Ezequiel (Juan Pablo Cestaro) es un adolescente de 15 años que se encuentra solo en su casa. Mientras tanto su familia acomodada se encuentra de viaje por Europa. En plena ebullición hormonal, el joven atraviesa sus primeras experiencias sexuales e intenta fervientemente ligar con algún chico. La avidez del deseo de Ezequiel, se traduce en la potencia de su mirada que se posa sobre los cuerpos masculinos con un deleite que la cámara logra transmitirnos. Los privilegios de que dispone en la casa (la pileta, la playstation, la ausencia de adultos) son los brillos agalmáticos con que intenta seducir a los chicos que le gustan. Son las redes del juego del deseo con las cuales, como un cazador, logra atraer y aproximarse a los chicos deseados.   

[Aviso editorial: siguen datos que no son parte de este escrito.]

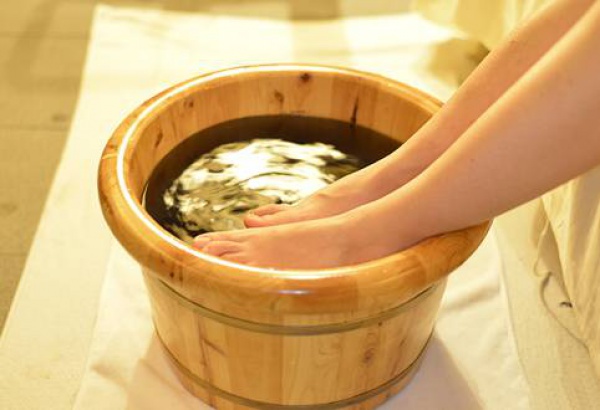 熱水泡腳1個(gè)月，雙腳潰爛險(xiǎn)些截肢…秋冬泡腳養(yǎng)生流行，但4種人不宜泡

Pero la falta de un acompañamiento familiar, las primeras experiencias frustradas (donde el deseo se vuelve inalcanzable como la Tortuga para Aquiles) y el desprecio con que es tratado por algunos a través de la injuria de “puto”, hacen de él un joven inseguro, necesitado del afecto y la aprobación de los demás. Es asi que un día, en la pista de skate, conoce a “Mono” (Lautaro Rodríguez), un chico de 21 años, por lo que su mala racha parece cambiar. Comienzan a frecuentarse y Ezequiel se va enganchando. Cierto día, “Mono” lo invita a pasar en fin de semana en la quinta de su primo “El Chino” (Juan Barberini). Este personaje es un adulto; que se presenta como compinche, con aire despreocupado y cierta opacidad, aunque no directamente intimidante a primera vista. 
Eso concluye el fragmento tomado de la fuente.